**Task item:** The output should be the listing below, limited to the lines from the one with "a bathroom with a tub" through the one with "RISK; witte doos beschikbaar voor biedingen", exact and without pictures.

**Data records:**

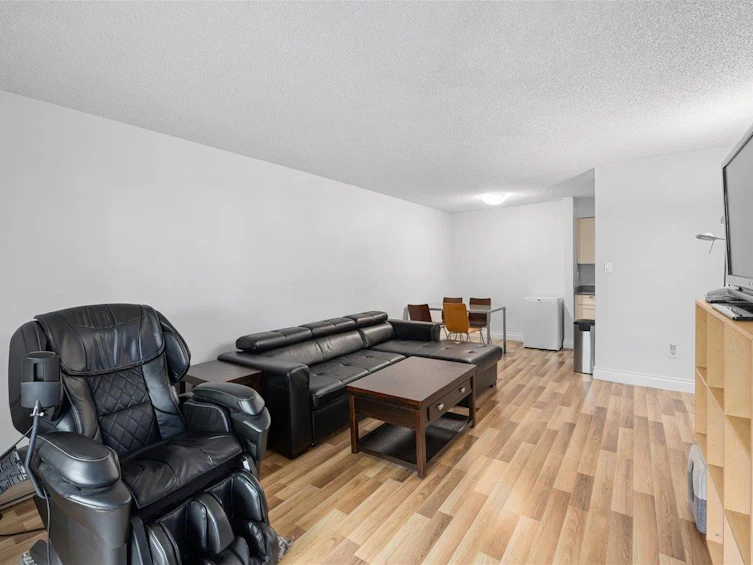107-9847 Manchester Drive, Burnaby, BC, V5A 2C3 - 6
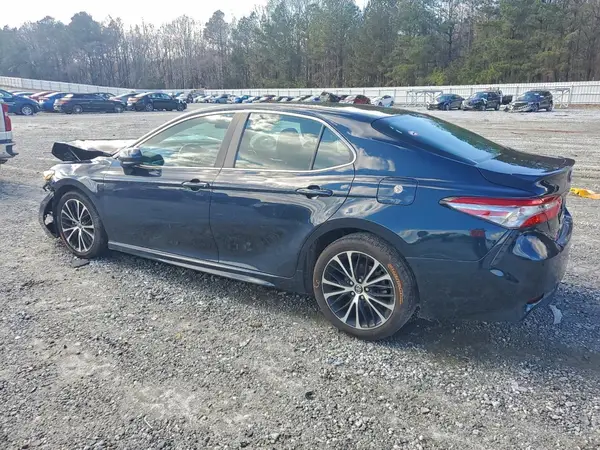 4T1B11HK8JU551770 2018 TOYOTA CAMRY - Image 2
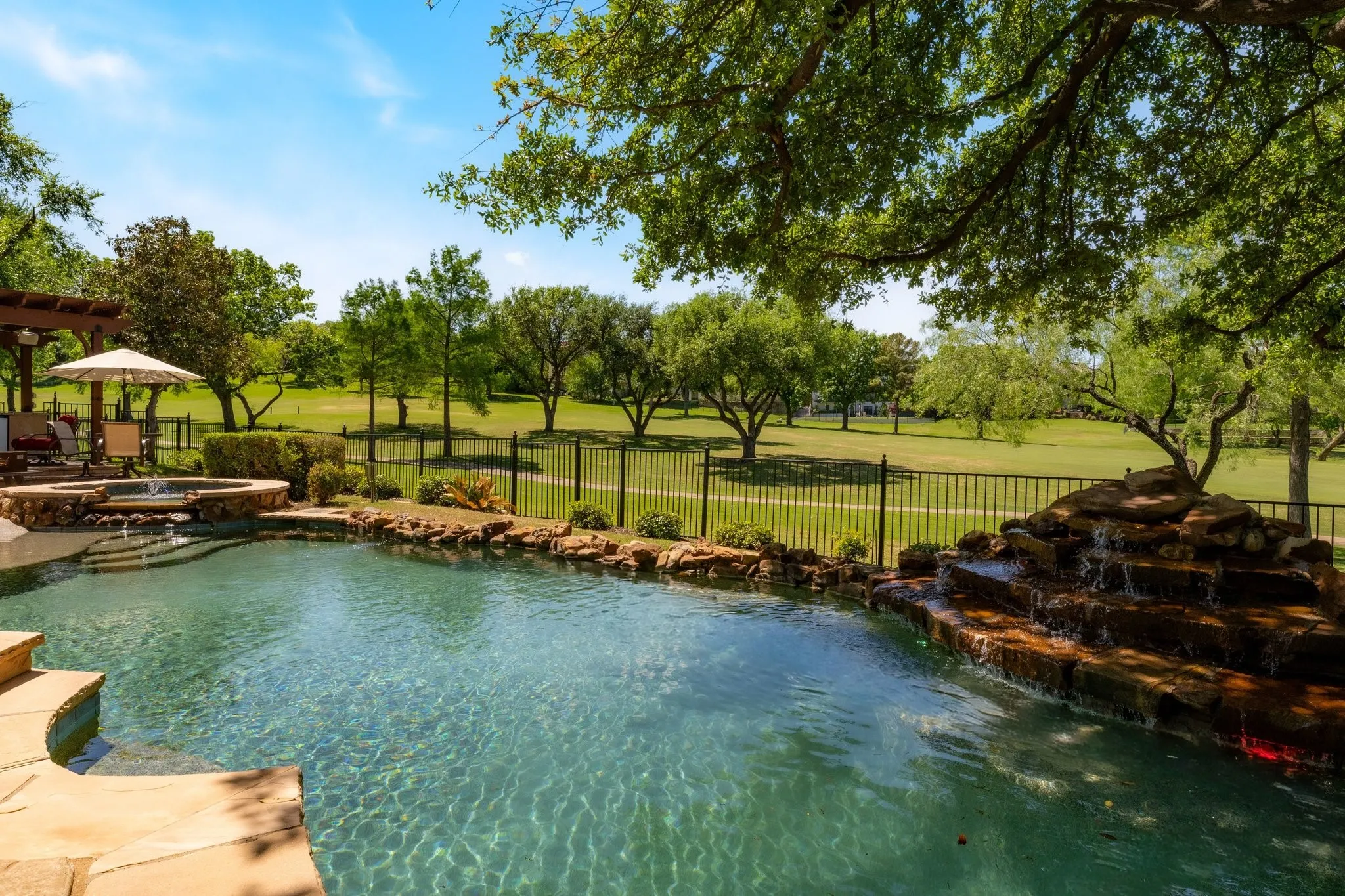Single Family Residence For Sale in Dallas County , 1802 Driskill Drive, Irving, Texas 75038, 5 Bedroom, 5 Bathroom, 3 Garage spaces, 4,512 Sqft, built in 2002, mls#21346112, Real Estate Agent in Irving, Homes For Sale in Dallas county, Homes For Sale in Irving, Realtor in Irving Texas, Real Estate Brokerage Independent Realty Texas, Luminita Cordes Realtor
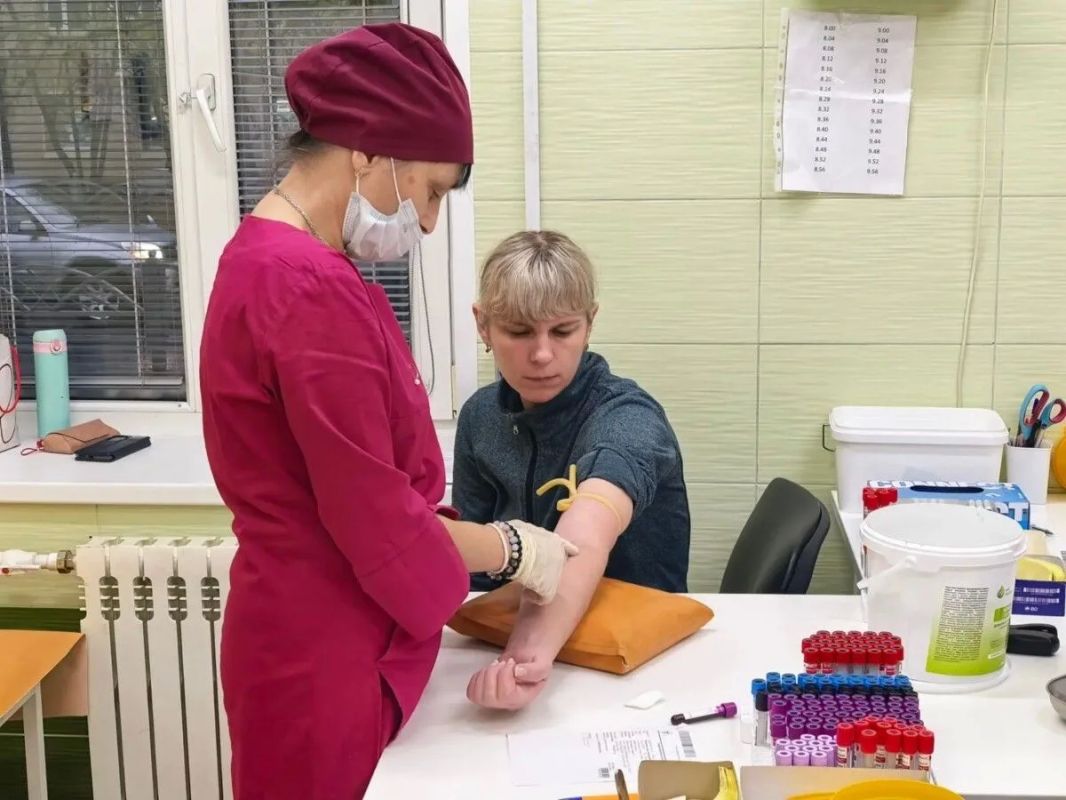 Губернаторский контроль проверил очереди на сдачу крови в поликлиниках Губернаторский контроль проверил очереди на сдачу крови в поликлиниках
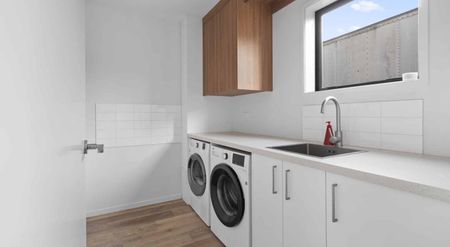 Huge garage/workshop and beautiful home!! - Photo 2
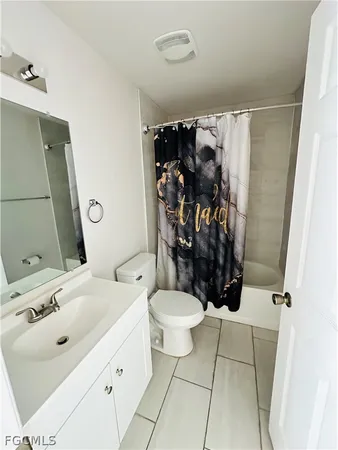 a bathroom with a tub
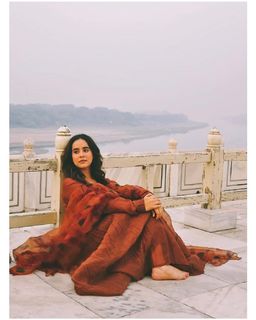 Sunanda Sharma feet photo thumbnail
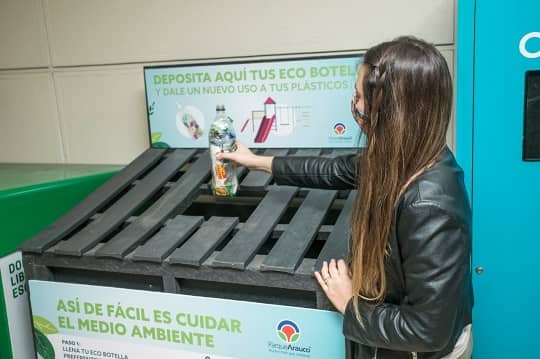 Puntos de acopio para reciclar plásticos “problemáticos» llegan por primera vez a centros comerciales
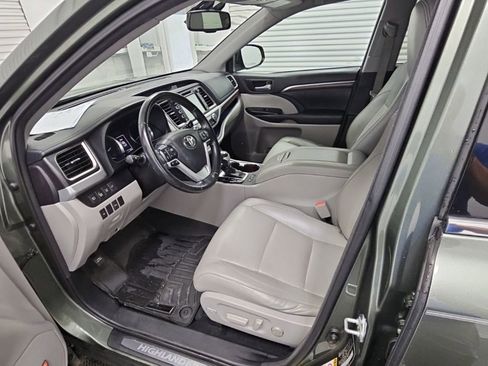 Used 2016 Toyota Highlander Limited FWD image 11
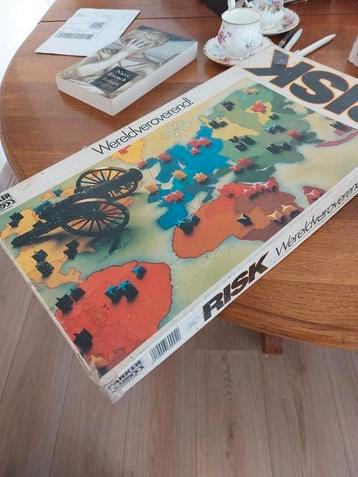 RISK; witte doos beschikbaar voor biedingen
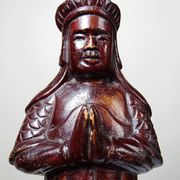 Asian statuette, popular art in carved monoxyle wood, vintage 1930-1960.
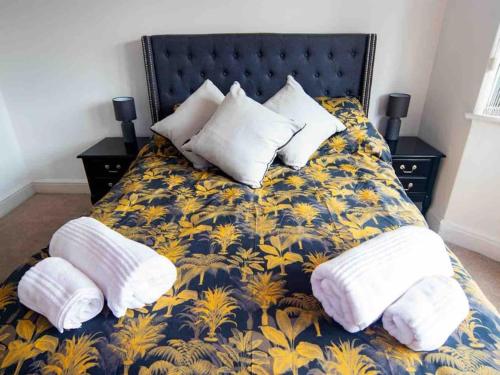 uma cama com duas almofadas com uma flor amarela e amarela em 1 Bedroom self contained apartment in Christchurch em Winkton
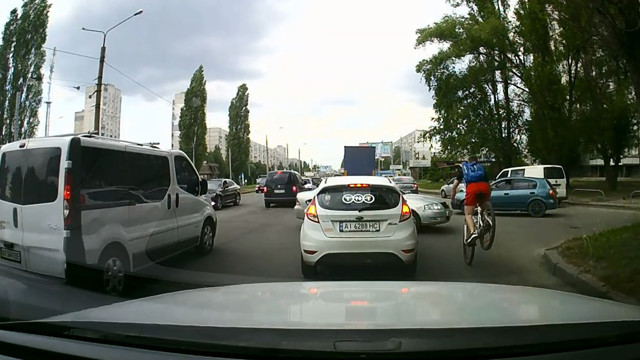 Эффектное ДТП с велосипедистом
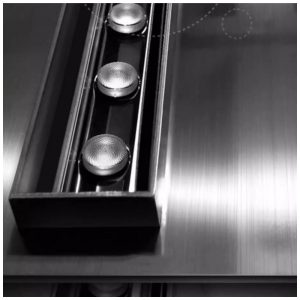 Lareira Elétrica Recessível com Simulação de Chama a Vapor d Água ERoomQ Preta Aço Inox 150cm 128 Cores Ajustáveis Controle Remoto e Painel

**Exercise solution:**
 a bathroom with a tub
 Sunanda Sharma feet photo thumbnail
 Puntos de acopio para reciclar plásticos “problemáticos» llegan por primera vez a centros comerciales
 Used 2016 Toyota Highlander Limited FWD image 11
 RISK; witte doos beschikbaar voor biedingen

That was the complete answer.